307 “Ti scuoto dal sonno, o tu che perseveri nella recitazione del Corano, seriamente ne hai intrapreso lo studio e avidamente ti impregni dei tuoi sensi esteriori e delle sue sentenze! Quanto a lungo andrai aggirandoti sulle rive di un mare di cui i tuoi occhi non sanno cogliere le meraviglie? Forse che non dovevi raggiungere il mezzo delle sue profondità, onde ammirarne lo spettacolo stupendo, e viaggiare verso le sue isole, onde raccoglierne i beni, e tuffarti nei suoi abissi, onde arricchirti con la raccolta delle perle? Non dovevi forse biasimarti per il fatto di essere escluso dal possesso delle pietre preziose e delle perle a causa della tua perseveranza a guardare alle rive e all’esteriorità? Non ti è dunque chiaro che il Corano è come un immenso oceano da cui proviene tutto il sapere degli antichi e dei moderni, così come dal mare si ramificano tanto i grandi fiumi quanto i ruscelli?”, Al-Ghazālī, Le perle del Corano, Rizzoli, Milano, 2000, p. 79.
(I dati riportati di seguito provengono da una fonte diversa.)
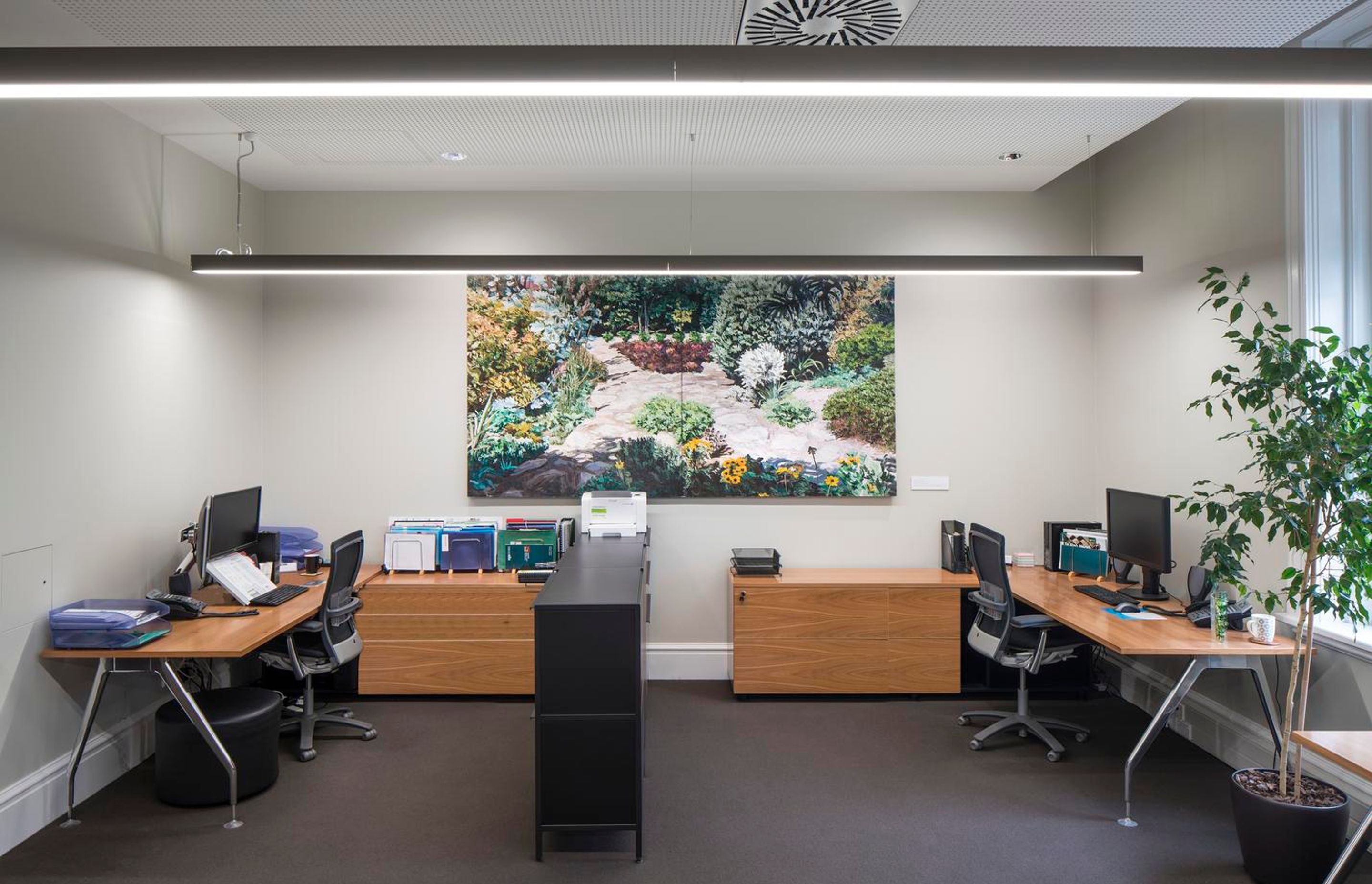 VUW EXECUTIVE OFFICES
308 “Come riferisce Abū Lubāba Bashīr Ibn al-Mundhir (che Dio sia soddisfatto di lui) il Profeta ha detto: “Colui che non salmodia il Corano facendo del suo meglio non è dei nostri” (Riportato da Abū Dāwūd)” (Quaranta detti del Profeta Muḥammad, p. 41).
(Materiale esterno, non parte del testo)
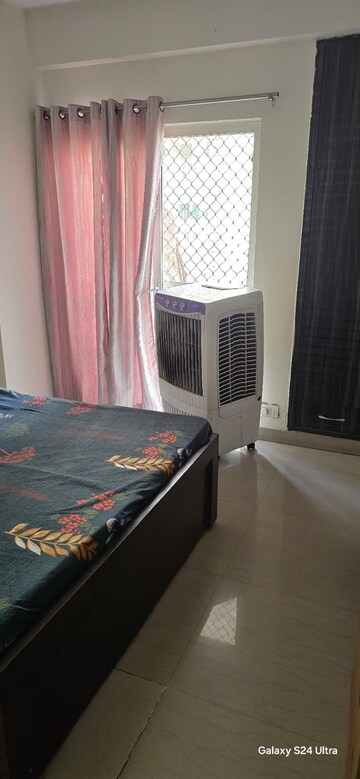 Bedroom in 2.5 BHK Apartment at Anthem French Apartment, Sector 16b Greater Noida – for Rent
309 Da una narrazione di ‘Umar Ibn al-Khaṭṭāb: “Durante la vita dell’Inviato di Dio – Iddio lo benedica e gli dia eterna salute – udii Hishām figlio di Ḥākim recitare la Sūra del Furqān (XXV) in molte maniere che non erano quelle insegnate a me dal Profeta – Iddio lo benedica e gli dia eterna salute. Poco mancò che non lo aggredissi durante la preghiera, ma ebbi pazienza sino alla fine, poi lo afferrai per il mantello e gli domandai: “Chi ti ha insegnato a recitare questa Sūra”? “Me l’ha insegnata l’Inviato di Dio – Iddio lo benedica e gli dia eterna salute”. “Menti! L’Inviato di Dio – Iddio lo benedica e gli dia eterna salute – l’ha insegnata a me in modo diverso”. Lo condussi dall’Inviato di Dio – Iddio lo benedica e gli dia eterna salute –, che informai del caso. Egli fece recitare quella sūra a Hisham, che la recitò come io l’avevo udita prima, e gli disse: “Così è stata rivelata”. Poi la fece recitare a me; recitai come lui mi aveva insegnato. Allora l’Inviato di Dio – Iddio lo benedica e gli dia eterna salute – disse: “Così è stata rivelata, perché in verità questo Corano fu rivelato in sette modi. Recitatelo come vi riesce più facile”; K. Nelson, The Art of Reciting the Qur’an, The American University in Cairo Press, Cairo-New York, 2001; C. Crescenti, La ricerca della perfezione nella recitazione coranica. Trattato sulla scienza del Tajwid, Olschki, Firenze, 2005.